We may encourage initial “short-term” pain relief to create a resourceful space for you to follow the steps needed for longer-term relief. Our short term pain control may involve massage, acupuncture and/or hypnosis. ( Summary of short-term pain relief )

  1. The first goal is often deal with current crisis. First manage the shock of an accident, a medical test, an emergency, or a relationship crisis.
  2. How does your pain makes sense? Explore the causes and benefits of your pain, and ways to preserve any benefits while relieving the symptoms.
  3. Resolve any relationship problems, especially relationships in which you suffer, or feel anxiety or guilt.

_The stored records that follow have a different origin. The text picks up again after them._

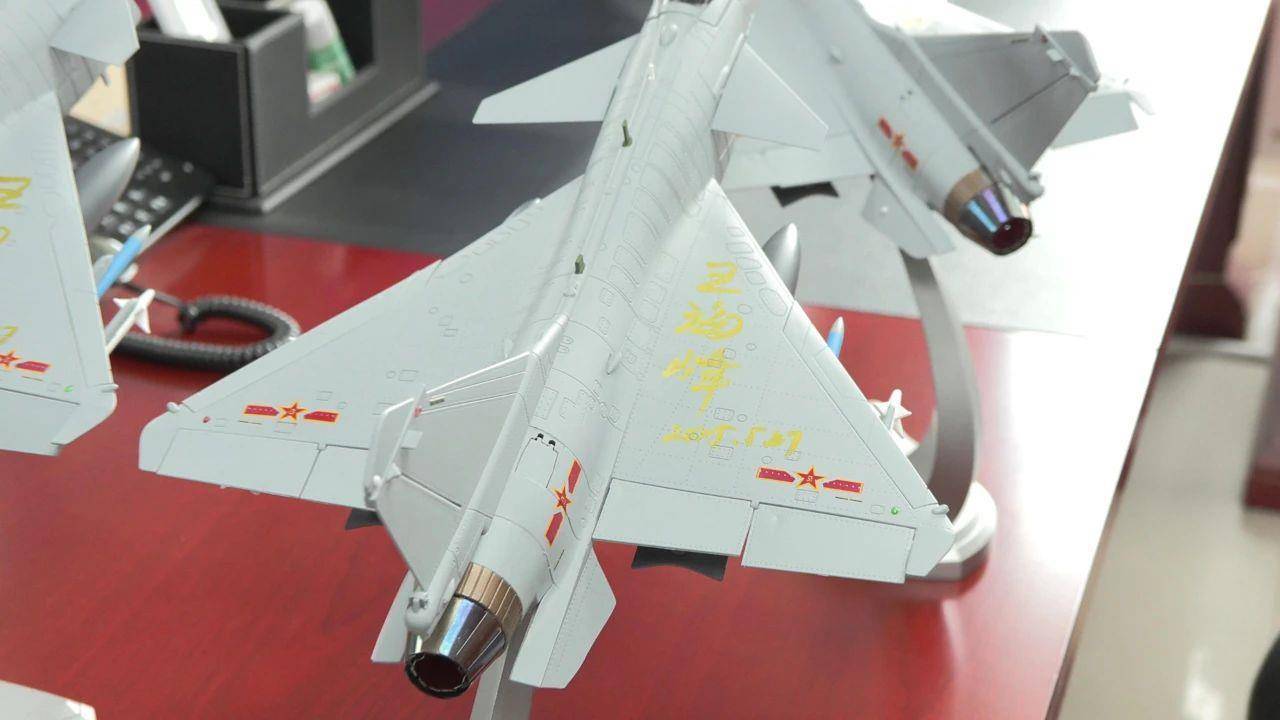 歼-10C总师：签不完<strong></p>
<p>y币怎么刷</strong>，根本签不完…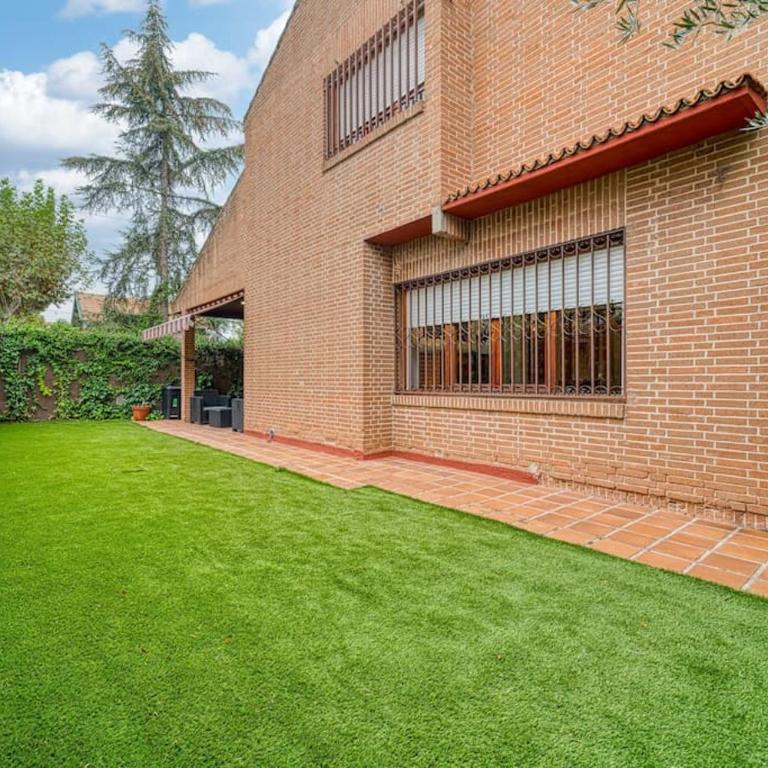 P CasaCafe Madrid Calle Carlos Dubois 3 - Family Room with Shared Bathroom - 7
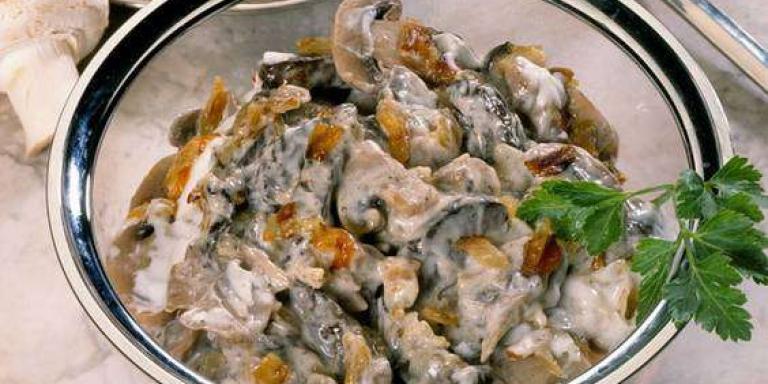 Салат с говяжьей печенью и грибами шампиньонами - рецепт с фото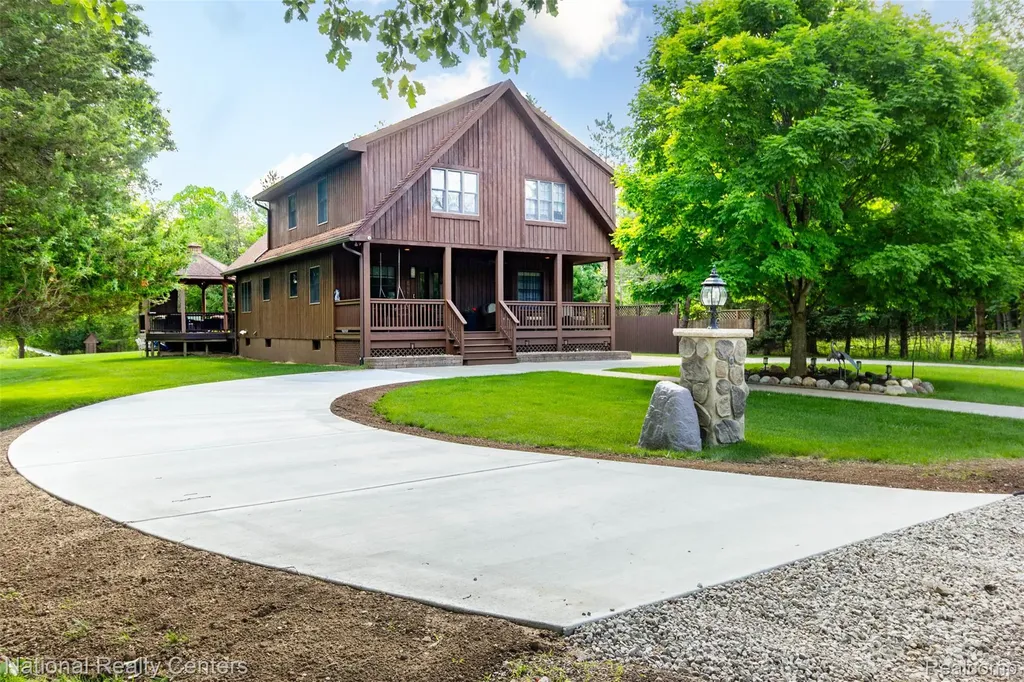 8706 Buckland Drive Northfield Township MI 48178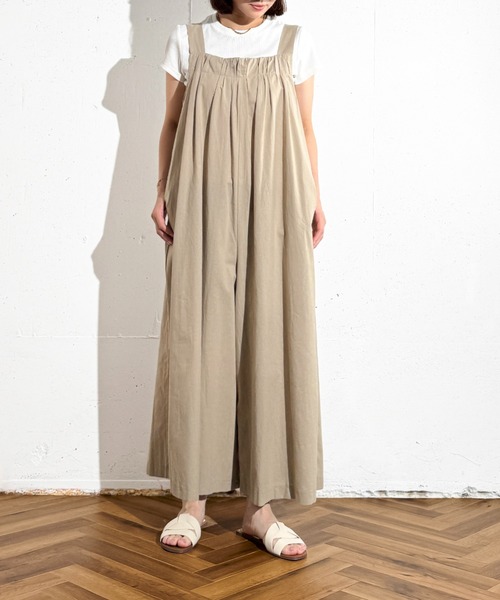 MAISON SELECT(メゾンセレクト)の「6C91 バックリボン ギャザーサロペット(つなぎ/オールインワン・レディース・ベージュ/ブラック・FREE)」の2枚目の写真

  4. Resolve any conflicts about pain and its relief, while becoming specific about what you want instead of pain – and for what purpose.
  5. Resolve relationship bonds that require pain. This is particularly important if you have a family history of relatives who suffered chronic or recurring pain.
  6. Manage negative emotions. Anger, fear and sadness inhibit concentration and relaxation, and may increase pain. Some common issues are: anger about some person or event, sadness about lost opportunities and anxiety about death.
  7. Find appropriate mentors. Some of the better mentors for pain control are people with similar, but worse, situations to you, who have positive attitudes.

We request approval from a medical doctor before we commence pain control coaching. We refer people wanting pain control who have not had a recent medical examination to a physician.